• **Required action**: From the line with "Colonial buildings near" through the last line of the records below, both ends included, transcribe only those lines, exactly, and omit the pictures.

-------- Data extract

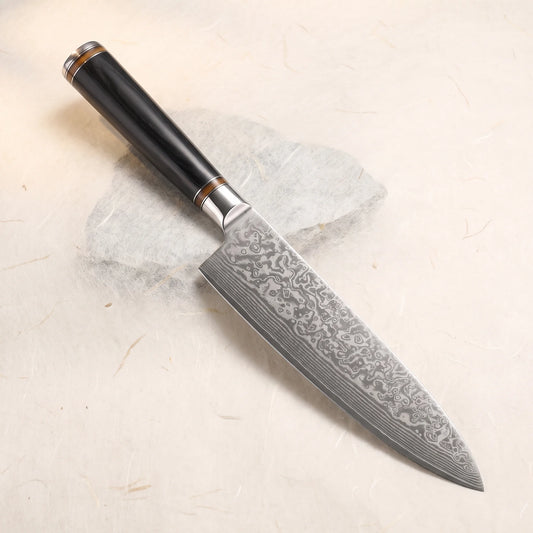 The Starter Gift Set – Hochodo, includes the 8" Damascus chef knife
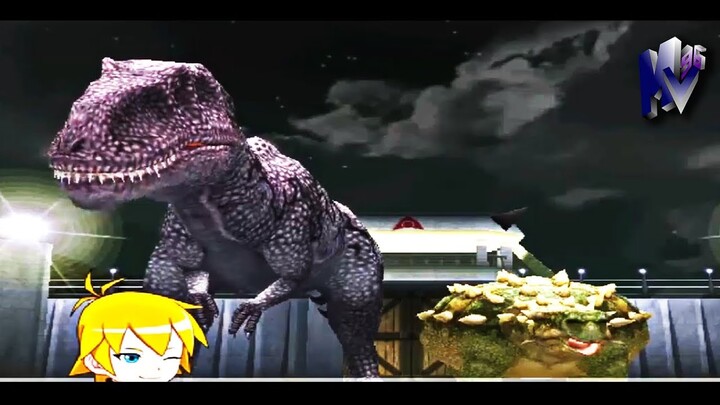 Dinosaur King Arcade Game 古代王者恐竜キング Giganotosaurus and Tarchia VS Alpha Fortress ( Hard Mode )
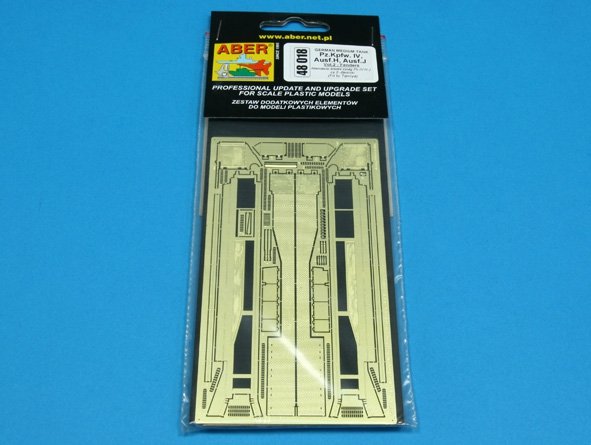 Aber 48018 German medium tank Pz.Kpfw. IV, Ausf. H, J early - vol. 2 - additional set - fenders 1/48 – immagine 3
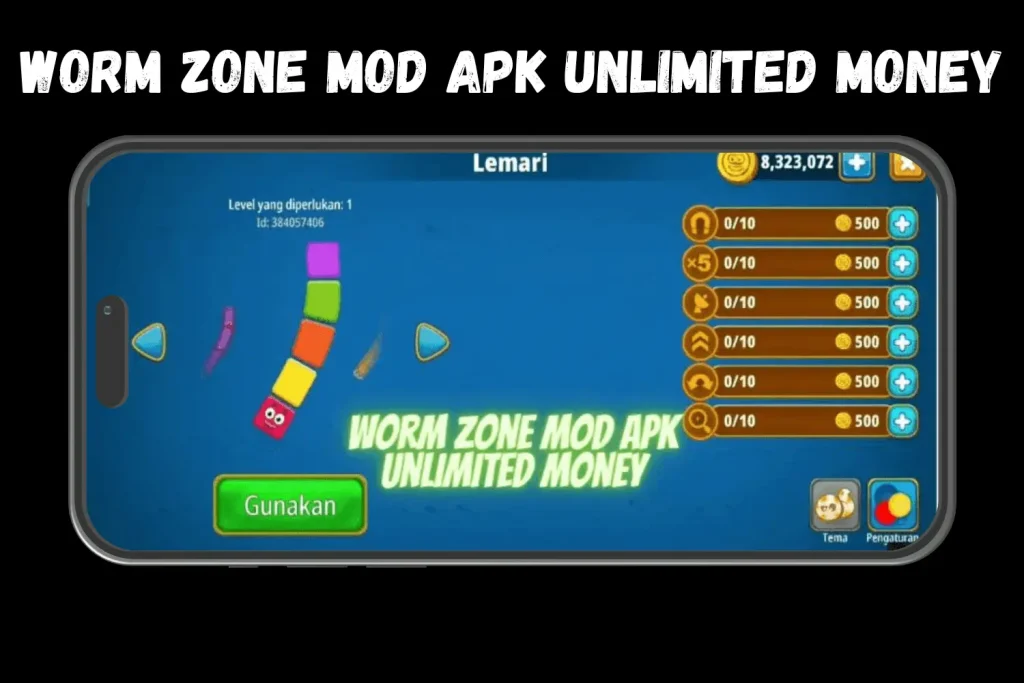 WORMS ZONE MOD APK UNLIMITED MONEY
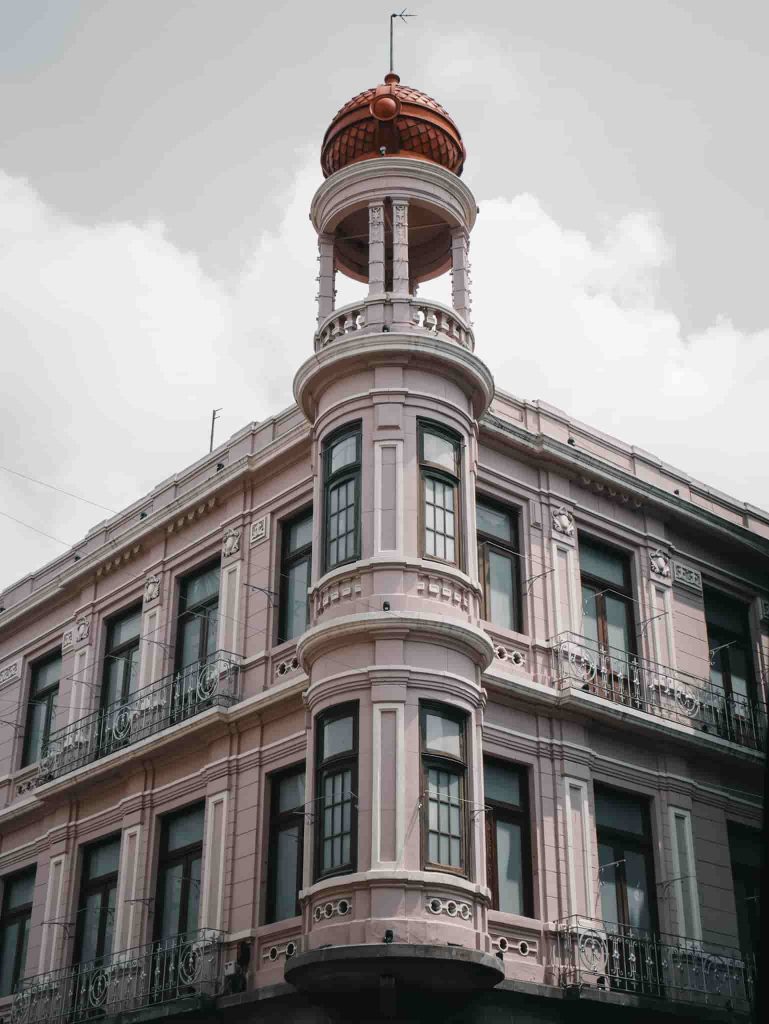 Colonial buildings near the main square in Puebla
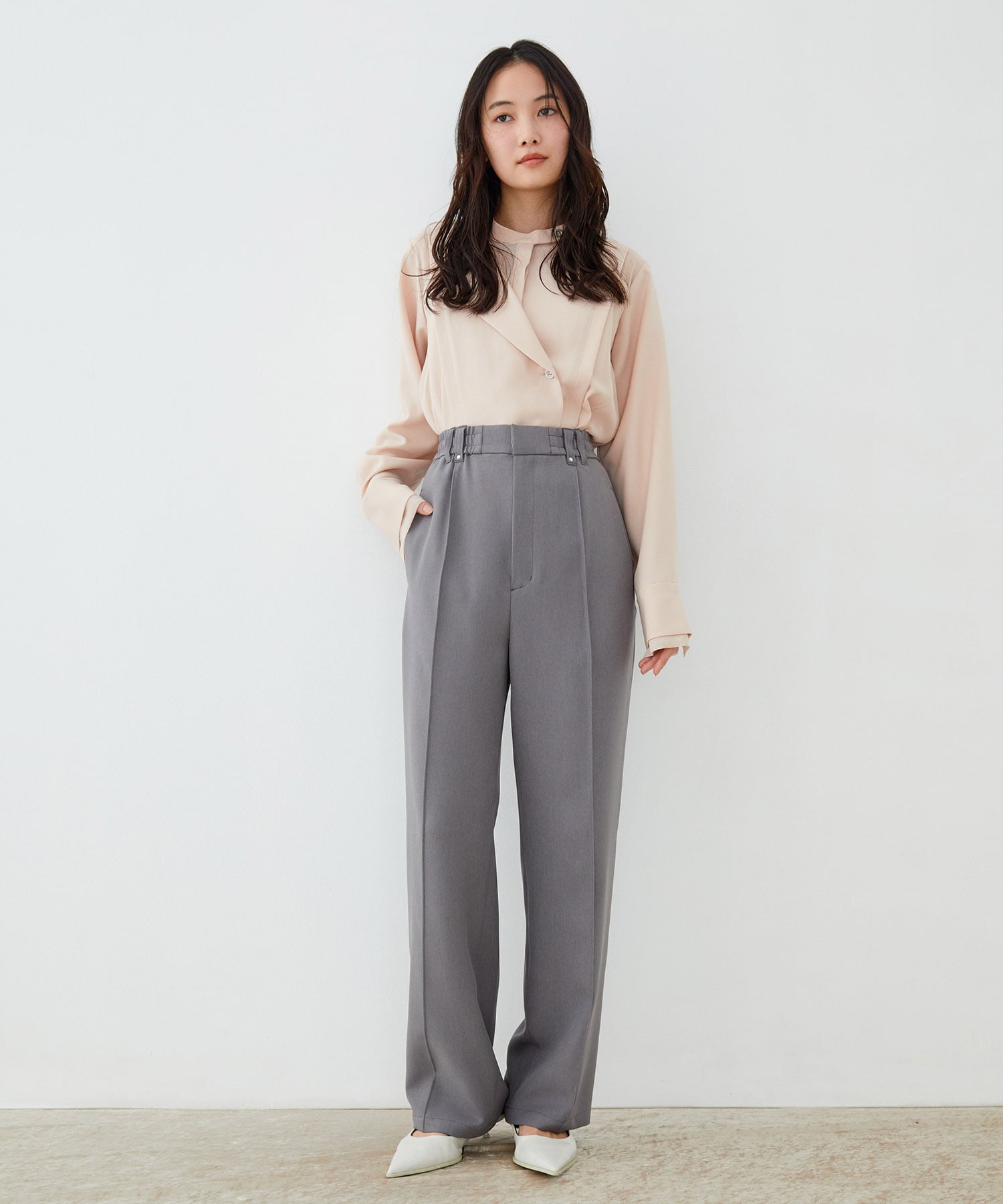 シアーレイヤーブラウス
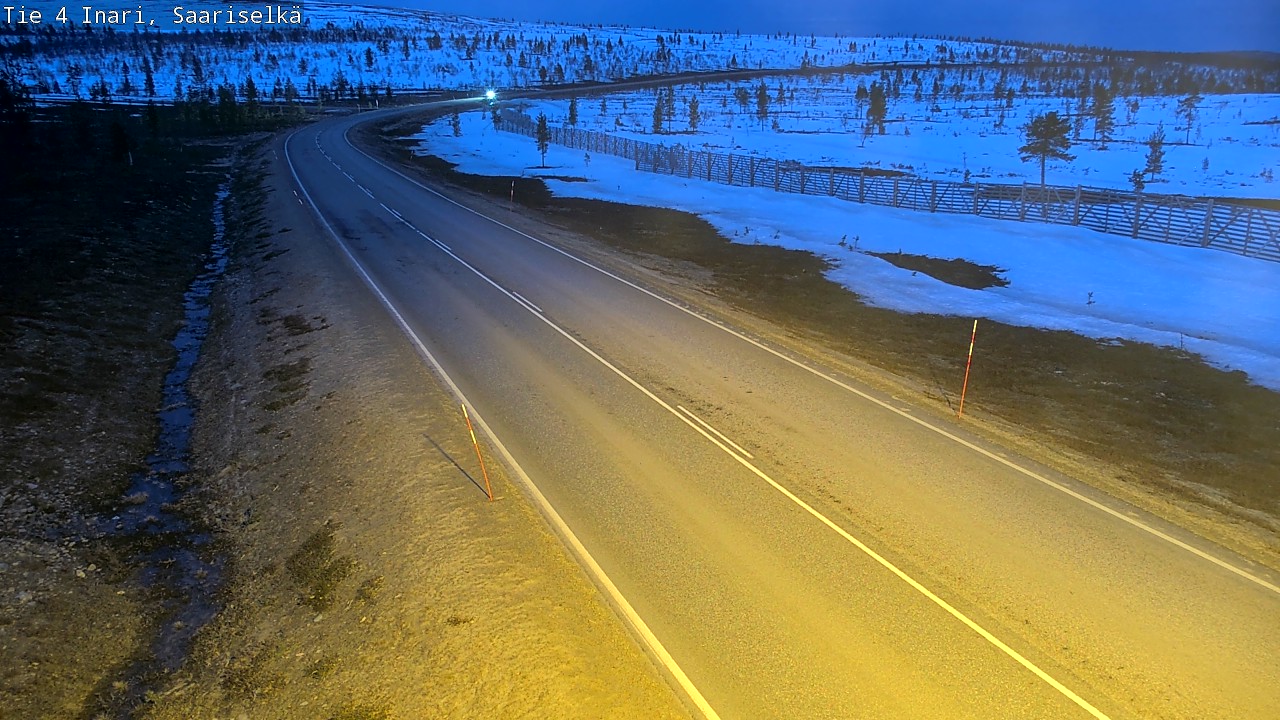 Weather Camera Image Road 4 Inari, Saariselkä, Kaunispää, Inari, Lappi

----------------

• **Task answer**:
 Colonial buildings near the main square in Puebla
 シアーレイヤーブラウス
 Weather Camera Image Road 4 Inari, Saariselkä, Kaunispää, Inari, Lappi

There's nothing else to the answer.